Power lines are resistors. The more current that flows through them, the greater the voltage drop from source to user, and thus the more power is dissipated.
The total power delivered is volts times amps. So, given a certain amount of required power, higher voltage means less current and thus less transmission losses.

 

[Baluncore]

W = I ⋅ V ;
If you double the line voltage, then for the same power, the load current will be halved.
Then consider power lost in the line resistance, R.
Ohm's Law; V = I ⋅ R ;
W = I² ⋅ R ;
By doubling the voltage, power loss in the line is reduced to one quarter.

 

[russ_watters]

I know that the current is determined by the voltage and the resistance, and not by a power capability - which defines a limit to the allowable consumption. And according to this a higher voltage (while assuming a constand resistance that comprises of the line resistance and the load resistance) leads to a higher current that results in a higher power loss.

What am I missing?

What you are saying is true for a simple circuit with one source and one load/resistor, but the power line isn't the only thing in in the circuit. The things the power line is feeding needs specific amperage, voltage and therefore power.

 

[SredniVashtar]

What you are missing is that, since the wire resistance and the load resistance (let's keep it all resistive for simplicity) are in series, they share the same current, no matter what is the power required by the load.

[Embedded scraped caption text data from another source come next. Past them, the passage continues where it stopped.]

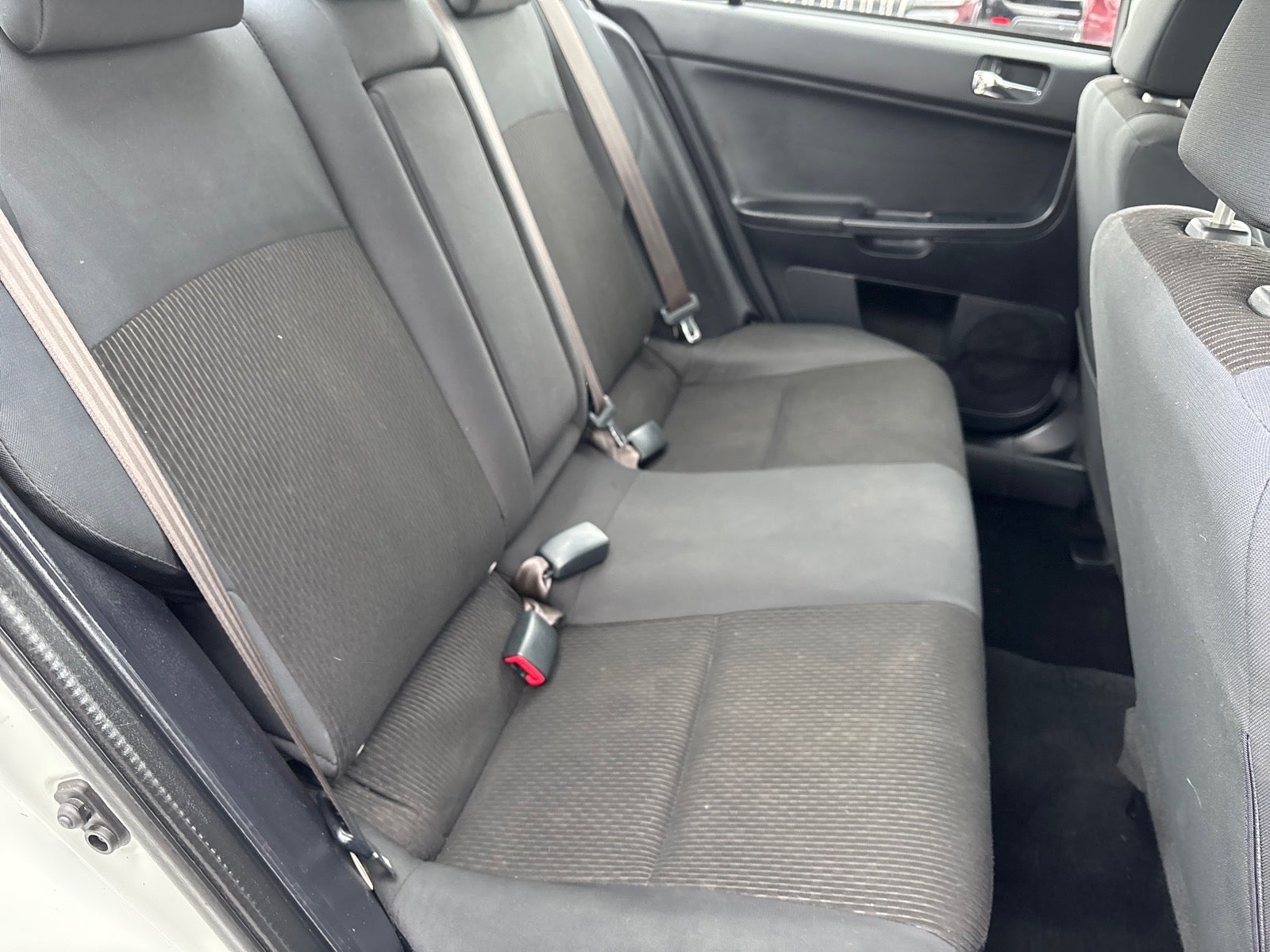 2017 Mitsubishi Lancer ES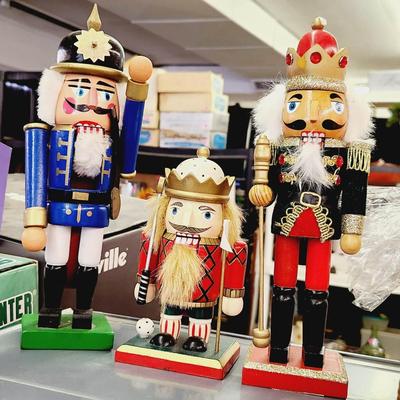 BUNDLE OF 3 WOODEN NUTCRACKERS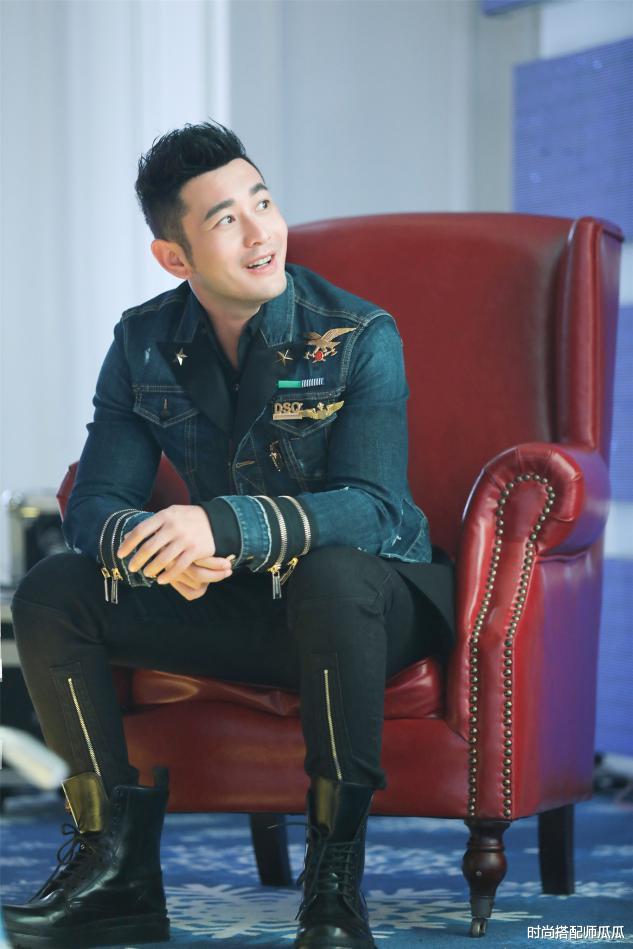 黄晓明|42岁黄晓明现身机场，减肥成功身材有型，衣品开挂帅到认不出来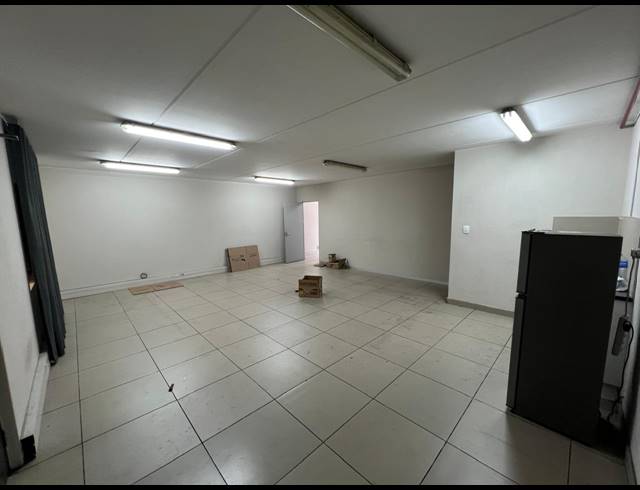461M² WAREHOUSE TO LET IN STRIJDOMPARK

Voltage is more or less the same at the transmitting station and at the receiving station - the difference being the (hopefully small) voltage drop in the wires. So the loss in the wires is given by Rwire x Iload^2 and for the same power at the load this loss is lower the smaller Iload is.

 

[Fisherman199]

there's a distinction in voltage and voltage drop. voltage is determined by generation and by operating requirements of the system.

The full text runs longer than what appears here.